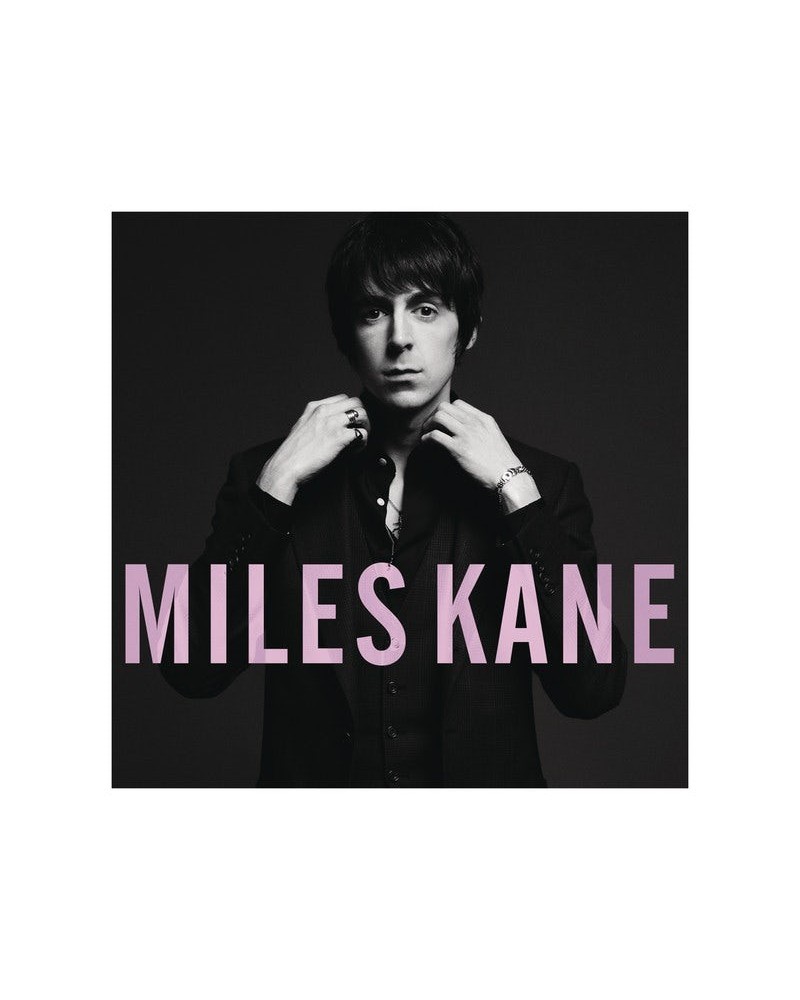 Miles Kane Colour Of The Trap (Limited Smoke) Vinyl Record $13.50 Vinyl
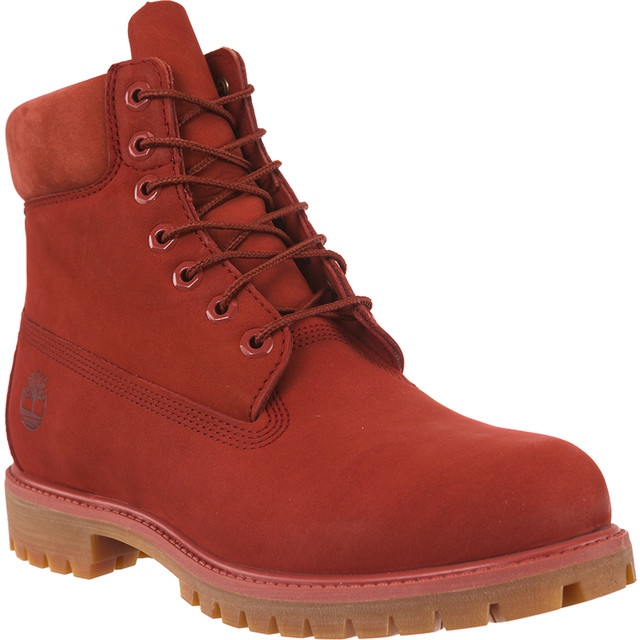 Timberland 6 "Fxw de încărcare premium roșu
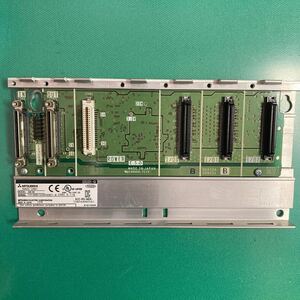 【動作確認済】三菱電機　シーケンサー　増設ベース Q63B 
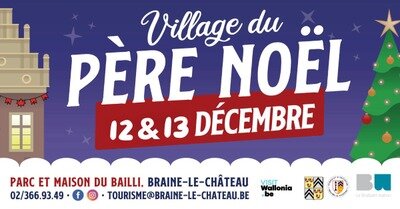 Marchés de Noël Village Père Noël
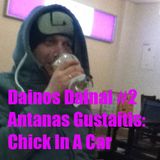 Dainos Dainai #2 Antanas Gustaitis: Chick In A Car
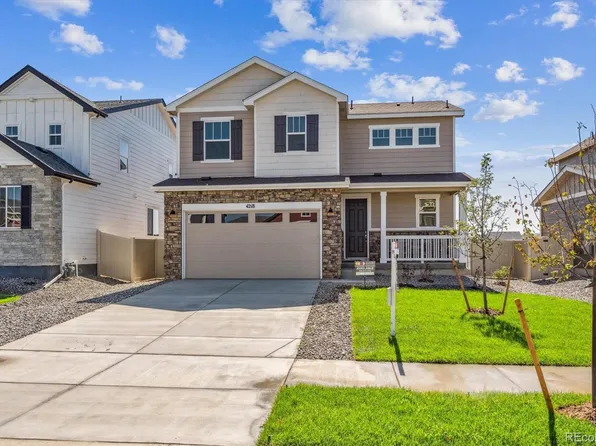4218 Satinwood Drive, Johnstown, CO 80534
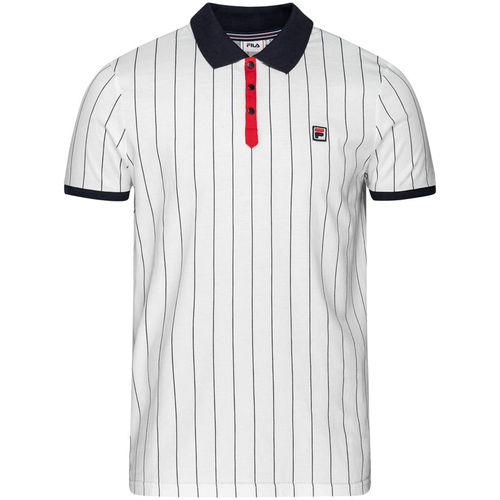 Abbigliamento Uomo T-shirt & Polo Fila 687654 Bianco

◇ ◇ ◇ ◇ ◇

A verbatim transcript of the entries above is required, with the pictures left out.

 Miles Kane Colour Of The Trap (Limited Smoke) Vinyl Record $13.50 Vinyl
 Timberland 6 "Fxw de încărcare premium roșu
 【動作確認済】三菱電機　シーケンサー　増設ベース Q63B 
 Marchés de Noël Village Père Noël
 Dainos Dainai #2 Antanas Gustaitis: Chick In A Car
4218 Satinwood Drive, Johnstown, CO 80534
 Abbigliamento Uomo T-shirt & Polo Fila 687654 Bianco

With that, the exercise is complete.